Segue un ciclo di sedute psicoterapeutiche per rimediare al suo malessere esistenziale ma è solo nel momento in cui compone un messaggio di ricerca contatto per amicizia (con tanto di numero del suo cellulare) su uno di quei biglietti della fortuna cinesi che si avvia una serie di microeventi tali da aprire orizzonti inediti. Basti tener presente che l'officina di un meccanico può essere provvidenziale per ovviare alle noie del motore dell'auto di Donya, oltre a dispiegarle nuove possibilità nella propria vita.
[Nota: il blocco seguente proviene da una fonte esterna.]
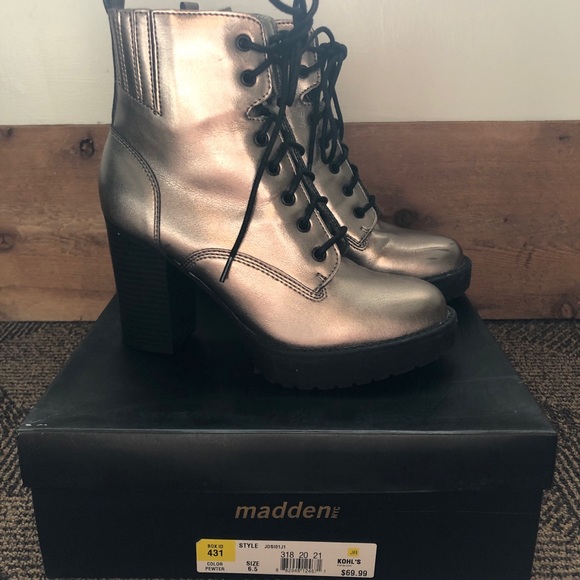 Steve Madden Shoes - Madden NYC Josiee Platform Combat Boot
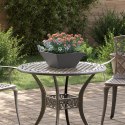 VidaXL Donica metalowa Czarna Metal 35 x 35 x 15 cm Trwała Kwadratowa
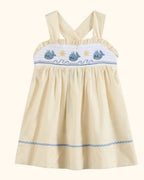 Buttercream Yellow Whale Smocked Dress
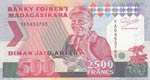 Madagascar, 2500 Francs ... 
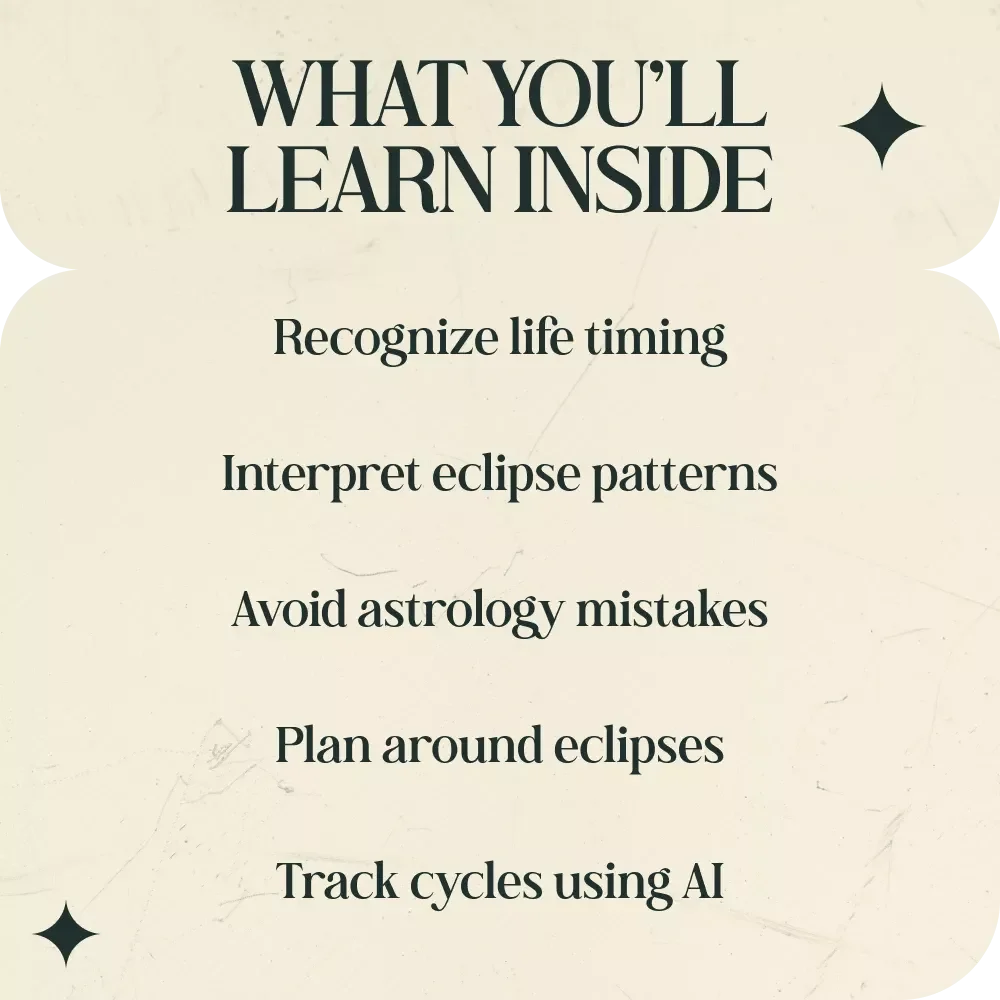 Eclipse Seasons: Unlocking Astrology’s Cosmic Turning Points – Astrology Guide to Eclipse Season Meaning in Astrology Cycles, Solar & Lunar Eclipse Insights, Astrology Timing Guide, Digital Download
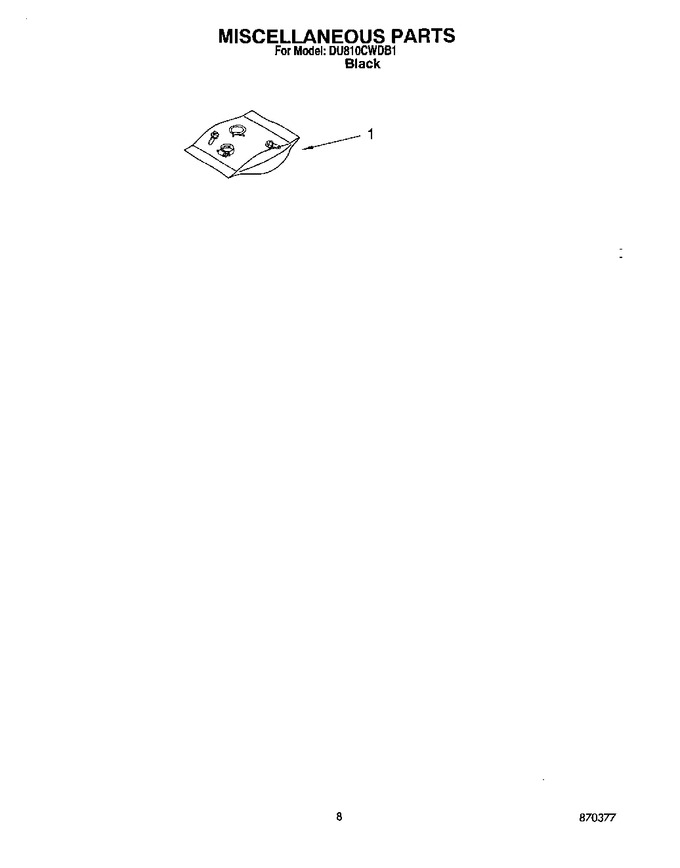 Diagram for DU810CWDB1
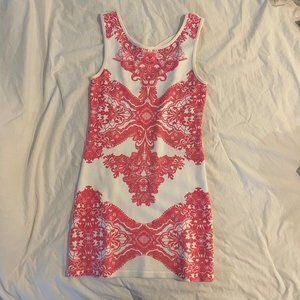 Revolve (Honey Punch) size S/M Mini Lace Print Dress with back detailing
Senza offrire altri cenni allo svolgimento dell'odissea della protagonista il film, girato in un luminoso bianco e nero e dal ritmo un po' lento pur senza annoiare, riesce a rappresentare la difficile vita di chi, per cause di forza maggiore, deve emigrare e collocarsi in un ambiente straniero, pur conoscendo la lingua del luogo. Ci si sente comunque sotto costante esame e, lo cantavano anche i Doors, "people are strange when you are a stranger".

Ma direi anche che la trama di"Fremont " mi ha confermato come, in fondo, le vicissitudini di Donya siano in generale la dimostrazione della costante difficoltà nella vita di ciascuno di noi, straniero o indigeno che sia. Una continua ricerca di condizioni di vita accettabili in una realtà sostanzialmente assurda e irrazionale. Proprio a smentire certa filosofia idealistica intrisa di retorica secondo cui "la realtà è razionale e la razionalità è reale". Ma quando mai?